How he became one of our more experienced ship delivery captains
He got in contact with TOS by chance. ‘I was just looking for an interesting shipping job and somebody mentioned TOS and their out of the mainstream projects. I became involved in ship deliveries and got hooked on it. The projects are all defined and unique. You start the project at location A, with the vessel often being in disorder at a yard. From that starting point, together with the crew, you get the vessel ready for departure. You get to know the vessel and the crew, you observe, improvise and make quick decisions. And then after the voyage you hand over the vessel to its owners at location B and untie all the emotional links with her. You represent TOS and take pride in your job. You treat each vessel as if it’s the first for its new owner: we did it.‘ says Frank Hilgevoord.
Pictures of some of Frank’s Ship Delivery Projects
Story telling: which ship delivery comes to mind
Hilgevoord: ‘It’s always a special feeling to hand over a vessel. Together with the crew we worked hard to get the job done, got very attached to the vessel in some way, good or bad. And then you suddenly cut all these emotional links and responsibilities and we all go our separate ways. You quickly distance yourself from the vessel and the voyage. Case closed!
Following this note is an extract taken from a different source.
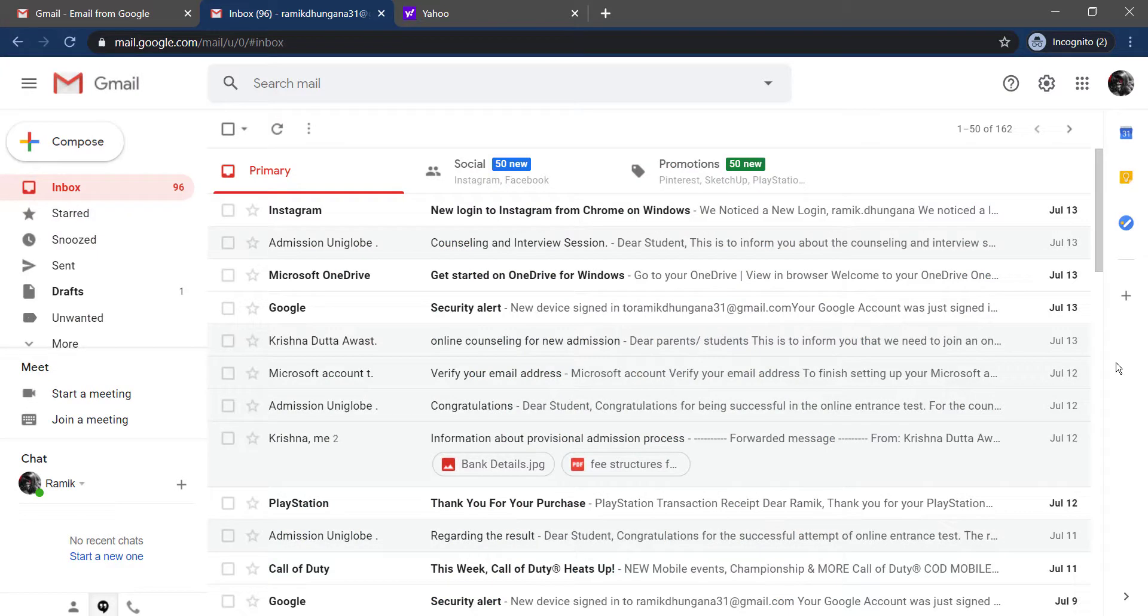And now, it won't start the import immediately but within two days, all your mails and contacts from Yahoo will be transferred to your Gmail account.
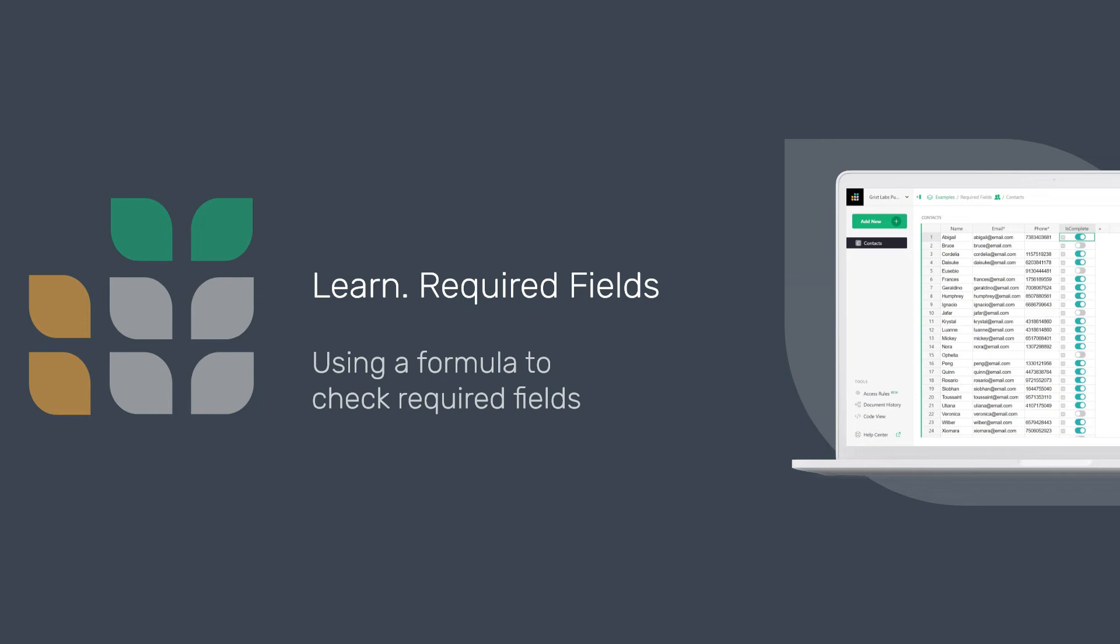Sometimes, certain fields are required information. In this tutorial, we'll go over how to use a formula to check whether or not required fields are filled in.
The story that comes to mind is the medical assistance with the Smit Yallarm on open ocean near the end of the voyage to Gladstone Australia. With this harbour tug I sailed two oceans, my longest voyage ever with a total of over 14.000 miles. And with the final port in sight we received a request for assistance from the coast guard for relaying a medical case from a ship further out the coast. We picked up a crew member from a fishing vessel and speeded to the agreed rendezvous point to meet the helicopter just before sunset. Great experience and happy we could be of help to get the guy to the hospital. After arrival all the local media in Gladstone were waiting to give me my 15 seconds of fame.’
‘Another vessel that comes to mind is the Manta III. An old but charismatic vessel, pleasant crew and a long but thorough preparation nearby the Headquarters of TOS. During the voyage we encountered bad weather most of the crew got sick and the automatic steering gear failed. So you just improvise. I was happy I could use my electrical background to fix the problem myself and was able to avoid hand steering in lousy weather for the sick team.’
What to expect in piracy areas?
‘I have sailed four ship deliveries through piracy areas. I can’t say I get used to it, but we just take the necessary precautions. At the head office they develop a piracy plan together with the client and you just implement the plan as good as possible. It’s not allowed to describe in detail which precautions we take, but it is done professionally and thoroughly. On my voyages through piracy threatened areas TOS organises security guards which makes the difference. Sometimes they are big square roughnecks, but having them on board makes us feel safe,’ says Frank Hilgevoord.